9. Il résulte de tout ce qui précède que Mme D… n’est pas fondée à demander l’annulation de la décision du 11 avril 2023 par laquelle le président du conseil départemental de la Gironde a refusé l’extension de son agrément pour l’accueil d’un troisième enfant. Par suite, il y a lieu de rejeter ses conclusions à fin d’annulation ainsi que, par voie de conséquence, ses conclusions à fin d’injonction et d’astreinte et celles relatives aux frais du litige.
D E C I D E :
Article 1er : La requête de Mme D… est rejetée.

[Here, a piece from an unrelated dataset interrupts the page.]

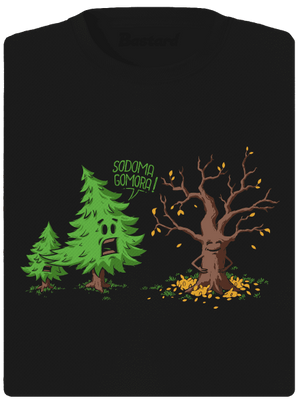 Sodoma Gomora dámske športové tričko Black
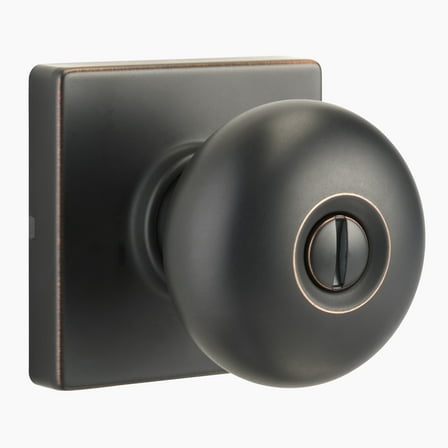 Brinks Contemporary Privacy Doorknob, Tuscan Bronze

Article 2 : Le présent jugement sera notifié à Mme B… D… et au département de la Gironde.
Délibéré après l’audience du 18 novembre 2025, à laquelle siégeaient :
- Mme Chauvin, présidente,
- Mme Ballanger, première conseillère,
- Mme Lorrain Mabillon, conseillère.
Rendu public par mise à disposition au greffe le 2 décembre 2025.
La rapporteure,
M. BALLANGER
La présidente,
A. CHAUVIN
La greffière,
S. CASTAIN
La République mande et ordonne au préfet de la Gironde en ce qui le concerne ou à tous commissaires de justice à ce requis en ce qui concerne les voies de droit commun contre les parties privées, de pourvoir à l’exécution de la présente décision.